▸ **Exercise prompt**
All of the records below are to be printed exactly; the pictures are to be left out.

==================================================

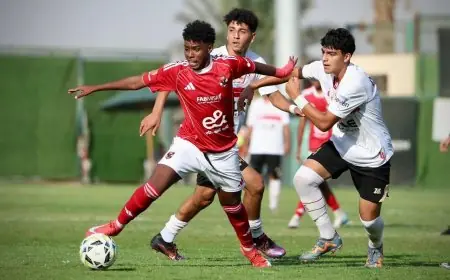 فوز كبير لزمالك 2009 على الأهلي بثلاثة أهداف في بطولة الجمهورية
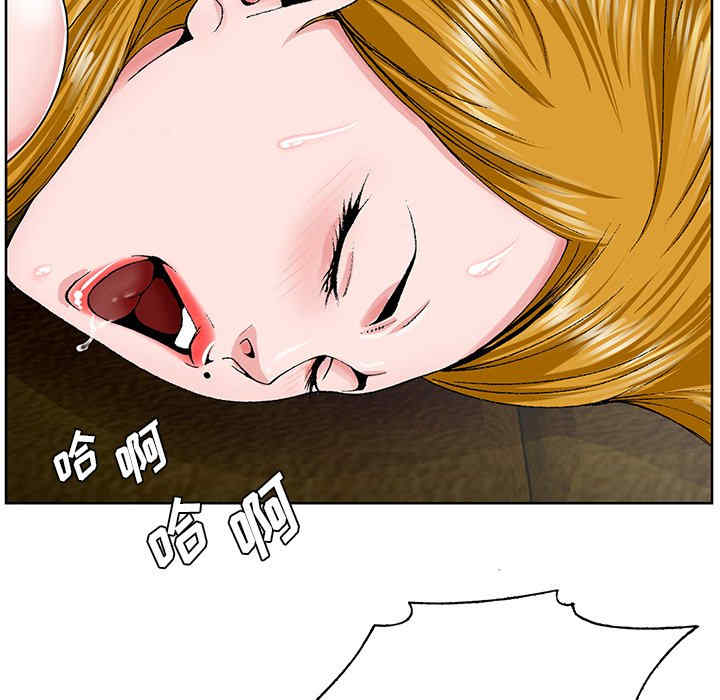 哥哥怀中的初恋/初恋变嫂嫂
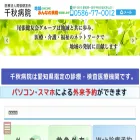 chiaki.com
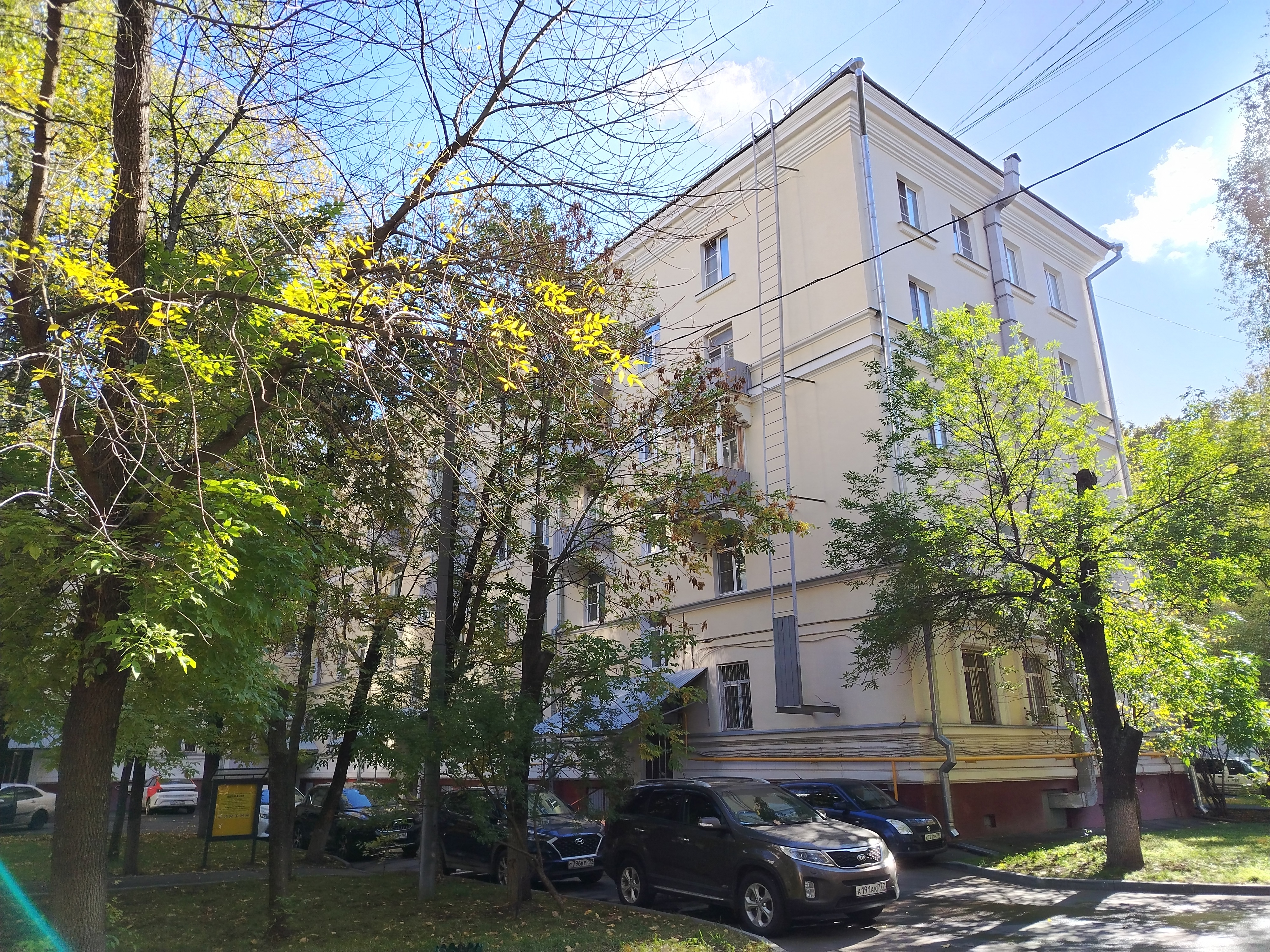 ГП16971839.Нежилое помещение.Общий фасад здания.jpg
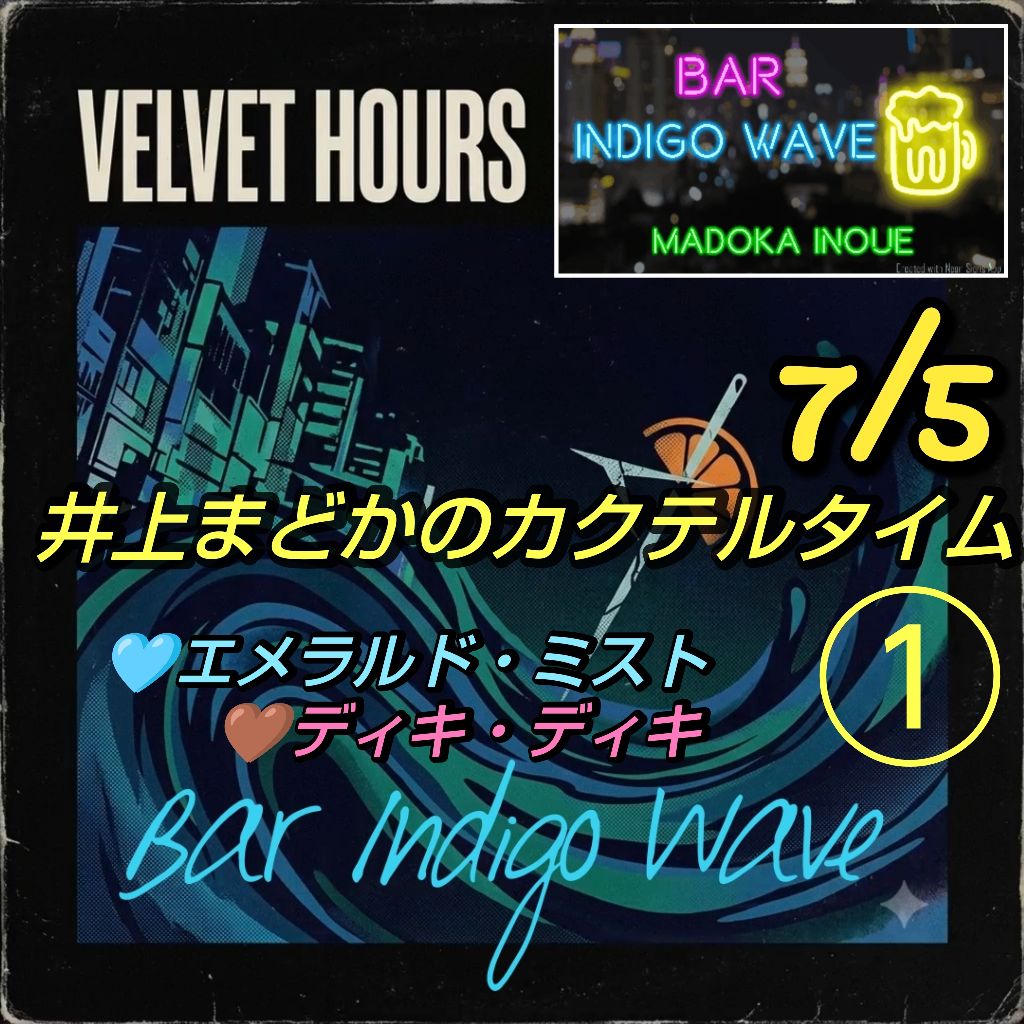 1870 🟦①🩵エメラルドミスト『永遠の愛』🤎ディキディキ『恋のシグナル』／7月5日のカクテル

==================================================

▸ **Solution**
 فوز كبير لزمالك 2009 على الأهلي بثلاثة أهداف في بطولة الجمهورية
 哥哥怀中的初恋/初恋变嫂嫂
 chiaki.com
 ГП16971839.Нежилое помещение.Общий фасад здания.jpg
 1870 🟦①🩵エメラルドミスト『永遠の愛』🤎ディキディキ『恋のシグナル』／7月5日のカクテル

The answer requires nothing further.